Covering Bob Dylan and capturing the intonation of his work while blending his spirit and charm is a difficult task for any artist. Richard Hawley pulled it off in style, Ballad of a Thin Man is a roaring success for the Longpigs and Pulp alumni. Nick Cave reached deep into the annals of the Mr. Tambourine Man sensation and covered a delicate, forgotten number for Murder Ballads. It takes real guts to do it. Covering Dylan is not for everyone though, as Noel Gallagher finds on The Mighty Quinn. Stripped straight from the Out of the Now Sky original, this cover from Gallagher would be better lost to the void than it would be uploaded to YouTube as a fragmented live set.

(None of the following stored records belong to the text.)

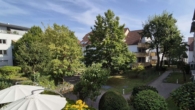 Blick vom Balkon - Sofort Bezugsfertig – 3-Zimmerwohnung im Zentrum von Sindelfingen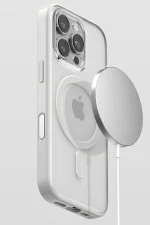 Venco Apple iPhone 16 Pro Max Joly Magsafe Kapak - Siyah - Görsel 5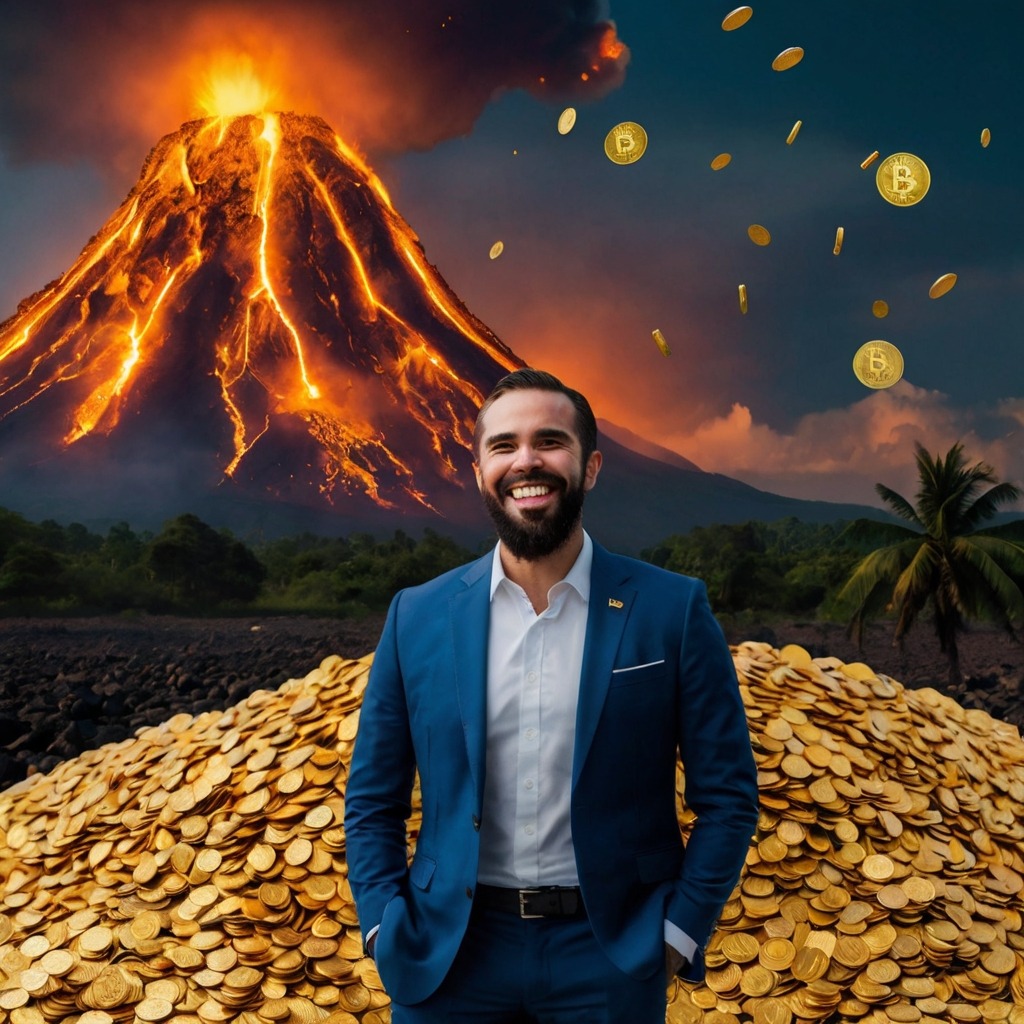 El Salvador y Bitcoin: ¿Ganancias Milionarias o Riesgo Inminente?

Delicate a track selection this may be, all it does for Gallagher is show off that he owns a copy of Dylan’s Biograph. Charmless and annoying this routine addition may be, the elevated uselessness that Gallagher gives it during this live show is the primary issue. His voice adds nothing to this. A backing vocal to guide him along like a blind man’s stick maintains what the neutral listener will already have clicked. Gallagher does not have a voice strong enough to cover Dylan and even if he did, he lacks the understanding and intonation of a track as straight-shooting as The Mighty Quinn. What was a ballad for Quinn the Eskimo is turned into a jaunty acoustic number where Gallagher slaps on his best Dylan impression.

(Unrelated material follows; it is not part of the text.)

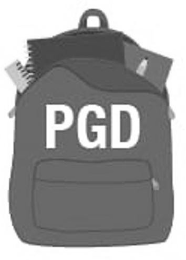 PGD logo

His best Dylan impression is equivalent to Jay-Z covering Wonderwall at Glastonbury. Heartless robbery and almost on the nose with the expectation of mockery. The Mighty Quinn cover comes from a place of love, obviously, but Gallagher misses the point entirely. Boastful and brash, brass numbers, backing vocals, as though applying more and more pressure to a delicate song would make any sense at all. At the core of any good Dylan cover is the implication that it is a nod toward quality songwriting. The Mighty Quinn here sounds as though drowning all of that out with a cowardly orchestral number. There is no standard set for those wanting to cover Dylan, but there are dos and don’ts for every artist. The Mighty Quinn is a massive don’t.
About as impressively flatlining as expected from Gallagher, this cover of a Dylan deep cut is not worth the time it takes to listen to his extended, minute-extra emptiness. Hoping to cement himself alongside Dylan as he did with The Beatles, Gallagher does well to copy the sound but shows he has no sparkle behind it. Dead in the eyes, Dead to the World proved that too. Conviction and power of a wildcard, unique character is present in the bootleg tapes and live recordings from Dylan but is absent entirely from Gallagher. Few can mix that wry humour and lyrical charm as Dylan did, but for Gallagher to expect that of himself is a bold move. It is not a risk when the outcome is already known. Gallagher does not cement his style as anything new or bold for a Dylan track, but he did not showcase it for his own works either.